SciPy

tethne.networks.features module

Methods for building networks from terms in bibliographic records. This includes keywords, abstract terms, etc.

cooccurrence Generates a cooccurrence graph for features in featureset.
mutual_information Generates a graph of features in featureset based on normalized pointwise mutual information (nPMI).
keyword_cooccurrence Generates a keyword cooccurrence network.
topic_coupling Creates a network of words connected by implication in a common topic(s).
tethne.networks.features.cooccurrence(papers, featureset, filter=<function _filter at 0x108845c08>, graph=True, threshold=20, indexed_by='doi', **kwargs)[source]

Generates a cooccurrence graph for features in featureset.

filter is a method applied to each feature, used to determine whether a feature should be included in the graph before co-occurrence values are generated. This can cut down on computational expense. filter should accept the following parameters:

Parameter Description
s Representation of the feature (e.g. a string).
C The overall frequency of the feature in the Corpus.
DC The number of documents in which the feature occurs.
N Total number of documents in the Corpus.

The default filter is:

>>> def _filter(s, C, DC, N):
...     if C > 5 and DC > N*0.05 and len(s) > 4:
...         return True
...     return False
Parameters:

papers : list

A list of Paper instances.

featurset : dict

A featureset from a Corpus.

filter : method

Method applied to each feature; should return True if the feature should be included, and False otherwise. See above.

graph : bool

(default: True) If False, returns a dictionary of co-occurrence values instead of a Graph.

threshold : int

(default: 20) Minimum co-occurrence value for inclusion in the Graph. If graph is False, this has no effect.

indexed_by : str

(default: ‘doi’) Field in Paper used as indexing values in featureset.

Returns:

networkx.Graph or dict

See graph parameter, above.

tethne.networks.features.keyword_cooccurrence(papers, threshold, connected=False, **kwargs)[source]

Generates a keyword cooccurrence network.

Parameters:

papers : list

A list of Paper objects.

threshold : int

Minimum number of occurrences for a keyword pair to appear in graph.

connected : bool

If True, returns only the largest connected component.

Returns:

k_coccurrence : networkx.Graph

A keyword coccurrence network.

Notes

Not thoroughly tested.

TODO

  • Incorporate this into the featureset framework.
tethne.networks.features.mutual_information(papers, featureset, filter=None, threshold=0.5, indexed_by='doi', **kwargs)[source]

Generates a graph of features in featureset based on normalized pointwise mutual information (nPMI).
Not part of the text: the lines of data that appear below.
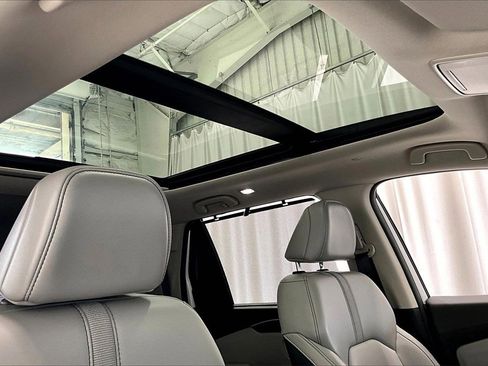 Used 2024 Honda Pilot Touring image 27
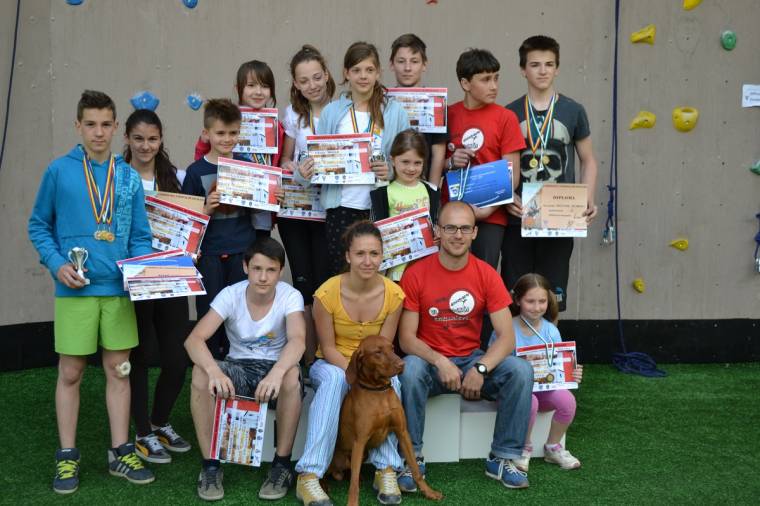 Tizenhét dobogós hely a háromszéki műfalmászó fiataloknak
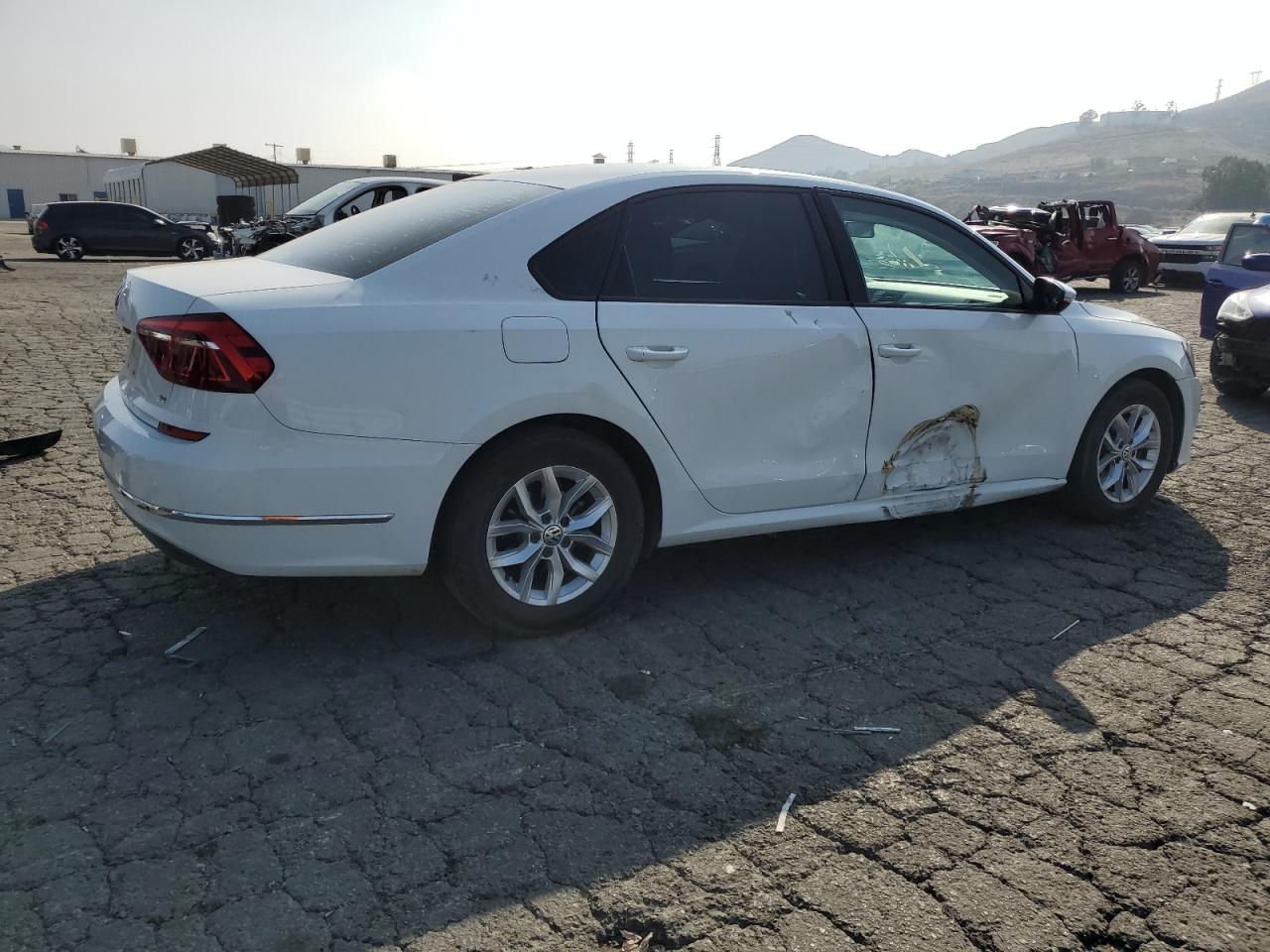 2018 Volkswagen Passat - Image 3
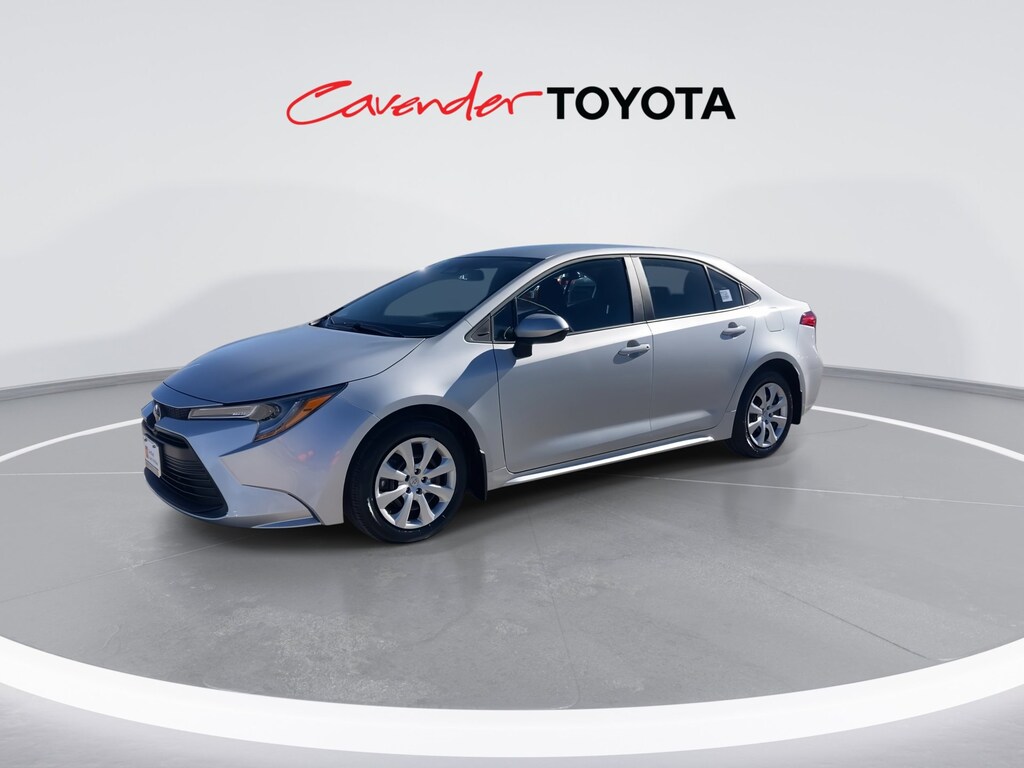 2026 Toyota Corolla LE photo 4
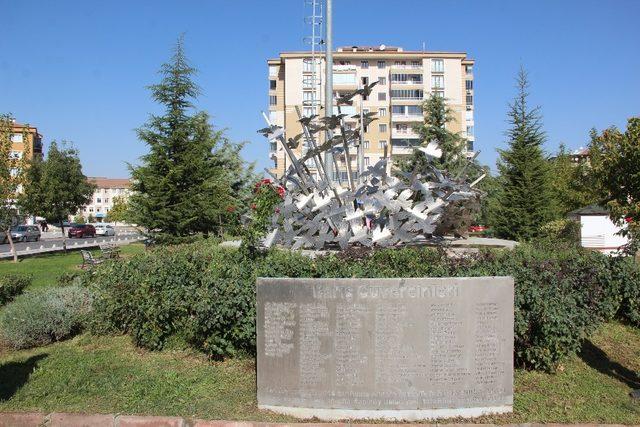 Ankara saldırısında ölenler anıldı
nPMI(i,j)=\frac{log(\frac{p_{ij}}{p_i*p_j})}{-1*log(p_{ij})}

...where p_i and p_j are the probabilities that features i and j will occur in a document (independently), and p_{ij} is the probability that those two features will occur in the same document.

Parameters:

papers : list

A list of Paper instances.

featurset : dict

A featureset from a Corpus.

filter : method

Method applied to each feature prior to calculating co-occurrence. See cooccurrence().

threshold : float

(default: 0.5) Minimum nPMI for inclusion the graph.

indexed_by : str

(default: ‘doi’) Field in Paper used as indexing values in featureset.

Returns:

graph : networkx.Graph

Examples

Using wordcount data from JSTOR Data-for-Research, we can generate a nPMI network as follows:

>>> from tethne.readers import dfr               # Prep corpus.
>>> MyCorpus = dfr.read_corpus(datapath+'/dfr', features=['uni'])
>>> MyCorpus.filter_features('unigrams', 'u_filtered')
>>> corpus.transform('u_filtered', 'u_tfidf')
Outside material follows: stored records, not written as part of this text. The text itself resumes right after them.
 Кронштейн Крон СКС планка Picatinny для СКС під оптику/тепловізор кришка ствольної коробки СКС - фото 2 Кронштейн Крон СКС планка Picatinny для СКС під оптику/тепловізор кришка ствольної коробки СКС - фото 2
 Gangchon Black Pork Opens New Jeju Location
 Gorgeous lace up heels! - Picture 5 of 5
>>> from tethne.networks import features         # Build graph.
>>> graph = features.mutual_information(MyCorpus.all_papers(), 'u_tfidf')

>>> from tethne.writers.graph import to_graphml  # Export graph.
>>> to_graphml(graph, '/path/to/my/graph.graphml')

Here’s a small cluster from a similar graph, visualized in Cytoscape:

_images/nPMI_phosphorus.png

Edge weight and opacity indicate nPMI values.

tethne.networks.features.topic_coupling(model, threshold=0.005, **kwargs)[source]

Creates a network of words connected by implication in a common topic(s).

Parameters:

model : LDAModel

threshold : float

Minimum P(W|T) for coupling.

Returns:

tc : networkx.Graph

A topic-coupling graph, where nodes are terms.

Examples

>>> from tethne.networks import features
>>> g = features.topic_coupling(MyLDAModel, threshold=0.015)

Here’s a similar network, visualized in Cytoscape:

_images/semantic_network.png

For details, see Generating and Visualizing Topic Models with Tethne and MALLET.